If, after you have provided the above information, we are unable to verify your identity and/or authority to issue the request, we may reach out to you for further verification information.
As a reminder, any deletion actions we take in response to your request are not reversible and may result in Udacity (or you) being unable to retrieve information about your account, enrollment, and records of completion. Please also keep in mind that all removals of such information are subject to requirements to maintain certain data in our archives for legal or legitimate business purposes.
If you have any questions about this request please see our Privacy Policy or let us know.
> A statement under penalty of perjury that all information in your request is truthful and that this is your User Account or that you have the authorization to make the request on behalf of the owner of the User Account
That strikes me as really extreme. If I had an Udacity account and someone tried to delete it, I would be annoyed, but I wouldn't seek to press criminal charges against them.
Their concern is probably someone deleting somebody else's account, along with all record of courses completed, etc.
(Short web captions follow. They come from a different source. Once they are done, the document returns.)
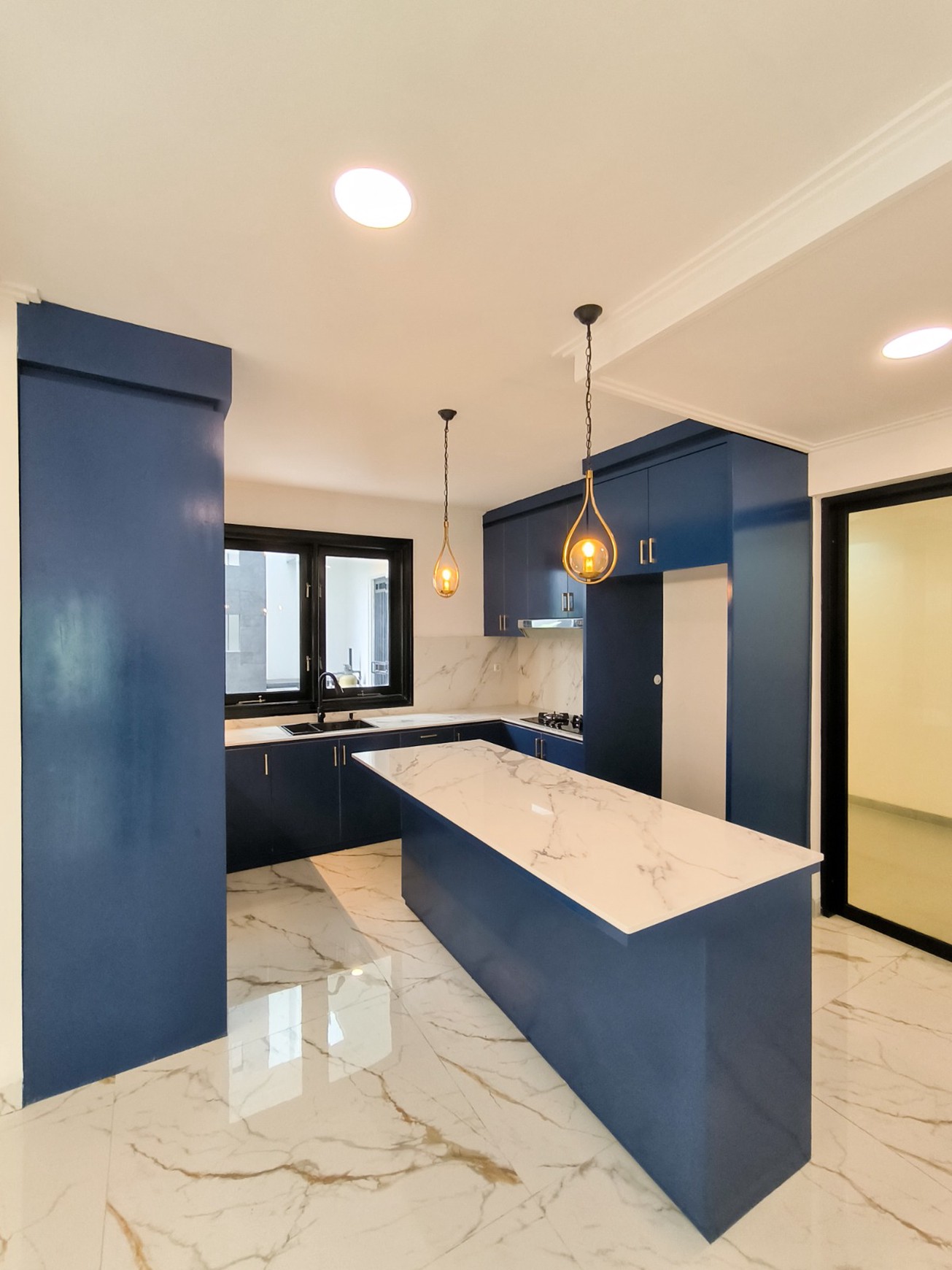 Rumah pool,power room di Bintaro Jaya 8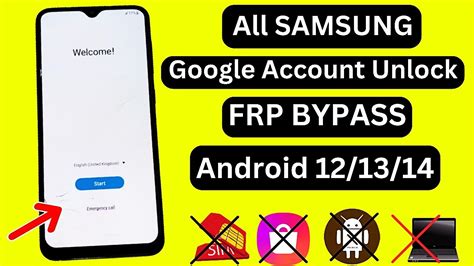 All Samsung FRP Bypass One Click New Tool 2024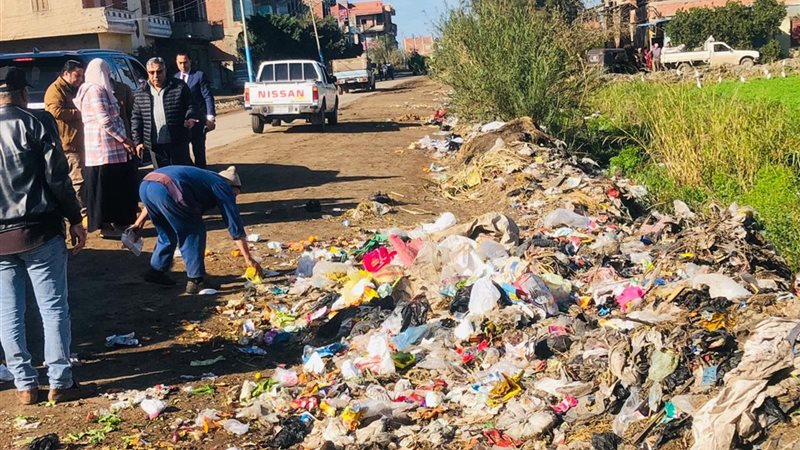 جولة محافظ الدقهلية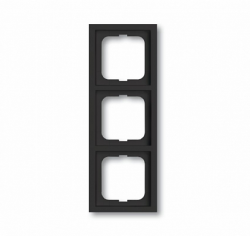 ABB BJE Future Linea Антрацит Рамка 3-ая арт. 1754-0-4242
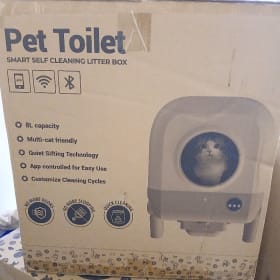 Pet Litter Box #1 item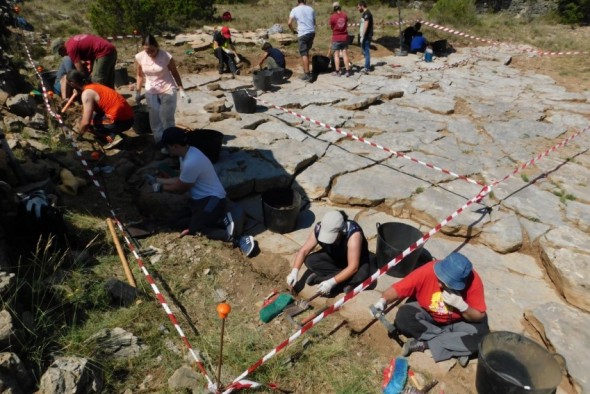 Los alumnos de la Universidad de Verano de Teruel aprenden  a amar una ciencia que genera conocimiento y desarrollo territorial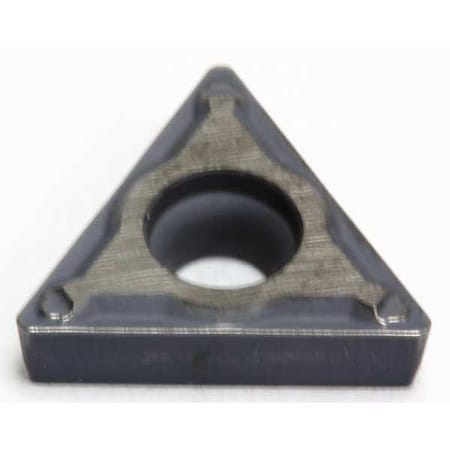 Triangle Turning Insert, Triangle, 3/8 in, TCMT, 0.0312 in, Cermet MPN:TCMT32.52EFP-T1500A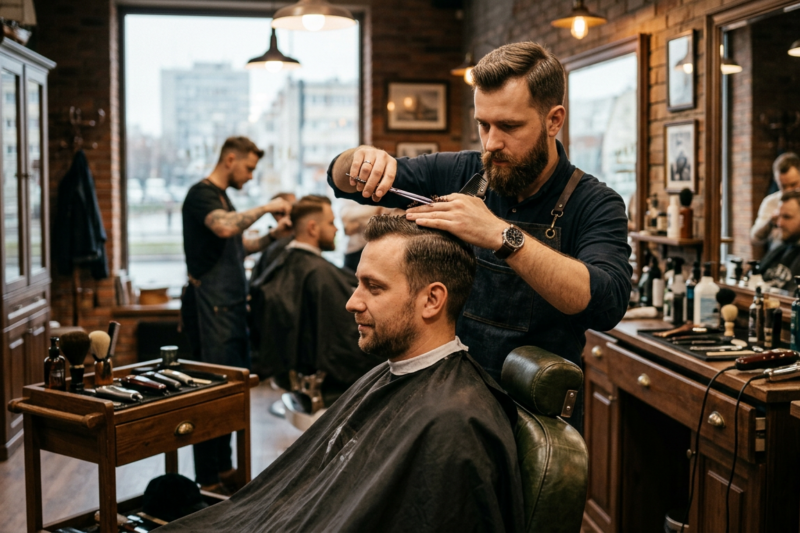 Ranking najlepszych barberów Gdynia 2026 - Gdzie zadbać o męski styl?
Is it possible to have an Udacity account if you're not actually paying them? If so, "account removed" and "unpaid account" are very different things and the transition between them is one-way.
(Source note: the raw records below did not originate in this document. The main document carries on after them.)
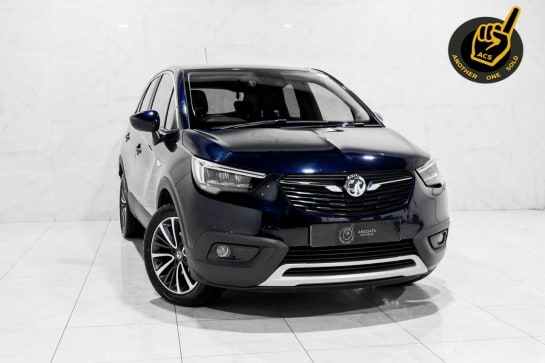 A 2020 VAUXHALL CROSSLAND X 1.2 Turbo Elite Nav SUV 5dr Petrol Auto Euro 6 (s/s) (130 ps) Sat-Nav+servi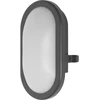 11W LED lauko plafonas BULKHEAD, juodas, 4000K, IP54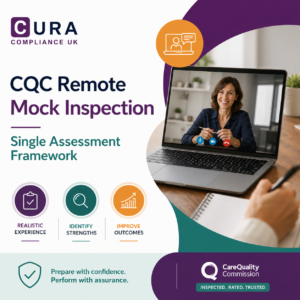 CQC Remote Mock Inspection – Single Assessment Framework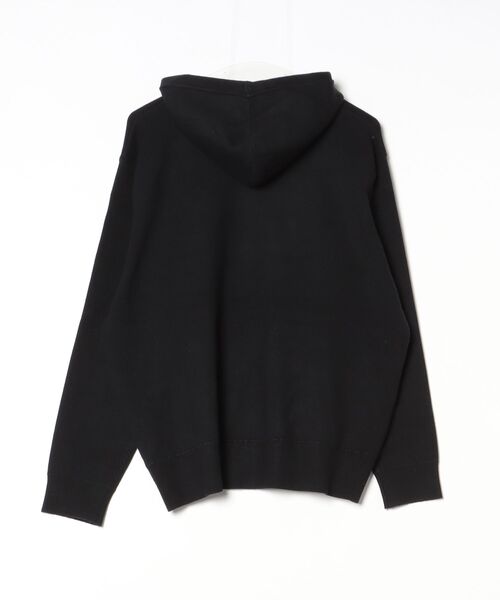 「LA PEAU DE GEM」 長袖ニット FREE ブラック レディース_画像2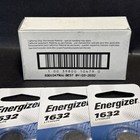 Energizer  6 Pack  Lithium Coin Battery Cr1632 Bb 03 32 Ecr1632bp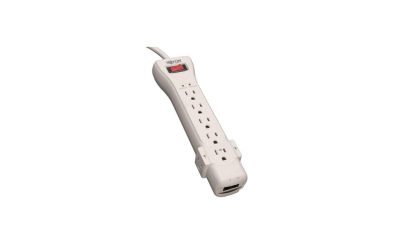 TRIPP LITE SUPER7TEL 7 Feet 7 Outlets 2520 Joules Surge Suppressor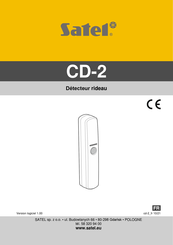 Satel CD-2 Mode D'emploi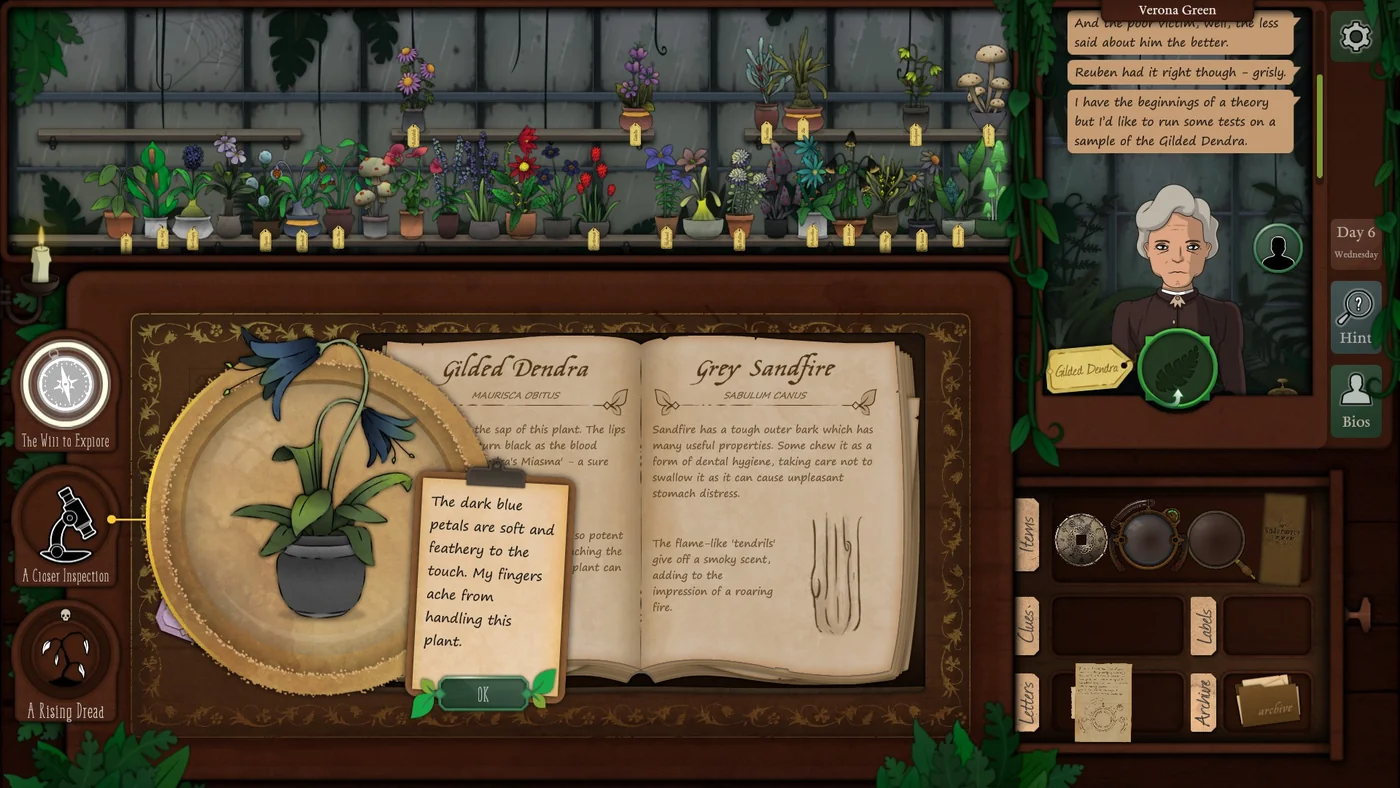 Strange Horticulture Day 6 Gilded Dendra plant identification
> Their concern is probably someone deleting somebody else's account
Yes, that's what I meant. If some stranger deleted my account, I don't think I would be angry enough to attempt to press criminal perjury charges against them.
It may depend on the real-world relevance of the courses you've taken.
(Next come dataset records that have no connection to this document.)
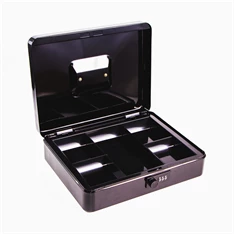 IRIS ICBC30 kóddal nyitható pénzkazetta 90x300x240mm IRIS ICBC30 kóddal nyitható pénzkazetta 90x300x240mm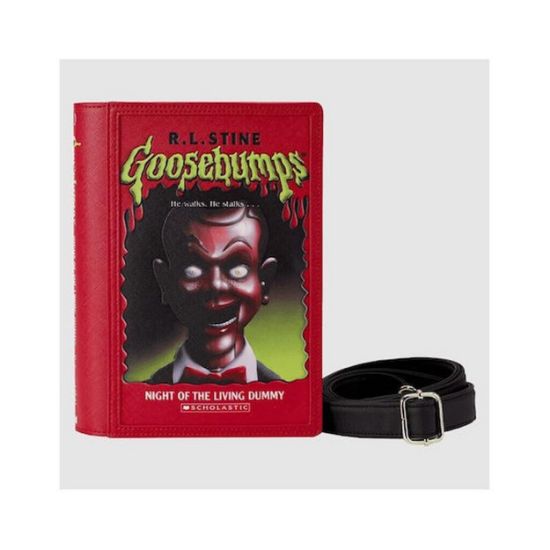 Picture of Loungefly Sony: Goosebumps - Slappy Book Cover Crossbody (GSBTB0001)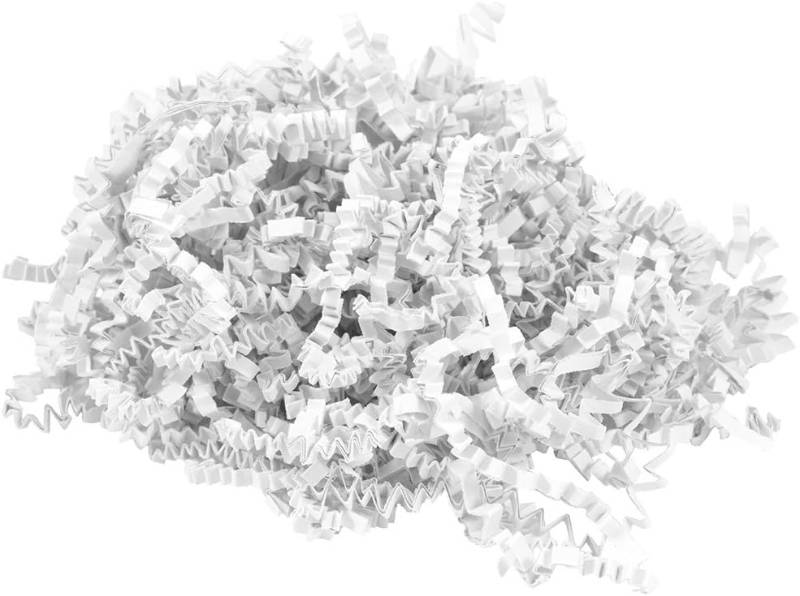 Crinkle Paper - Full White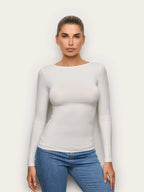 Yamamay Montenegro Long-sleeve boat neck T-s | AMAD193007096_01.jpg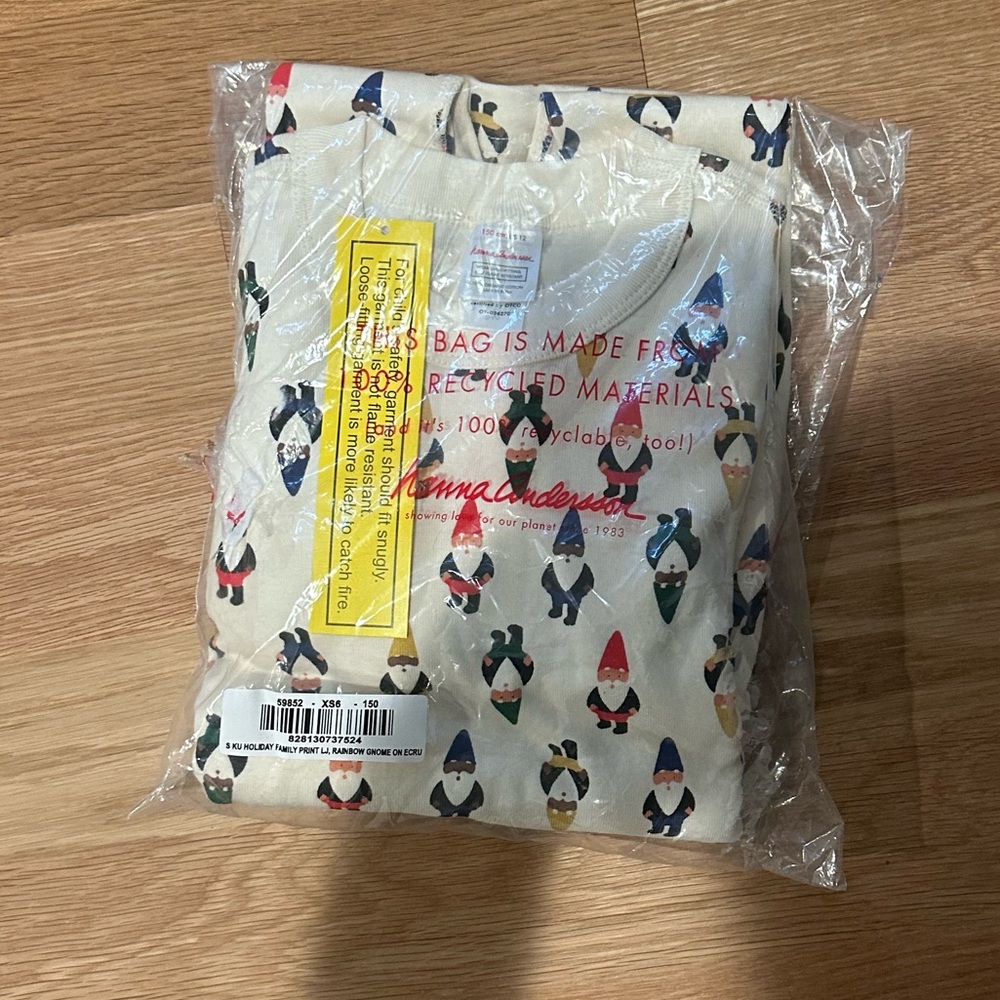 NWT Hanna Andersson Pajamas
What happens if you're taking part in the Georgia Tech/Udacity online Master's in Computer Science, and suddenly all of your course history on Udacity is gone? Are you then stuck with remotely trying to access records through whatever GA Tech has retained for MOOC students in a degree program? Does it prevent you from signing up for additional courses because there's no record of you completing the prerequisites? Does their platform have a provision for overriding those prerequisites, and what would that have to be based on - word from a professor who taught a MOOC, has never seen you or your work and probably depends on Udacity's listings?
A similar situation could arise if the platform is being used for mandatory continuing education credits in fields that have that. An industry that has CE requirements would often be well-served to partner with an established and stable online learning platform rather than building their own. If you're required to take X hours of CE annually to retain a license but the only proof you have is a PDF certificate from someplace that says "We've never heard of this person," do you qualify or do you end up in licensing/certification hell?
It depends on what an account deletion means, yeah. Is there a GDPR for universities that makes them delete all history of your attendance at that institute? Do customer privacy laws force Udacity to do a more thorough deletion than you might expect if you're treating it like a website rather than a university or vice-versa?
IANL but I think it's perjury to lie in a declaration "under penalty of perjury" only if that declaration is specifically required under the law or if you are submitting it to a legal body, such as a court, or to achieve an expressly defined legal outcome. For example, the DMCA specifically requires such a declaration when making a complaint, so private parties can require it and you could face criminal prosecution for lying.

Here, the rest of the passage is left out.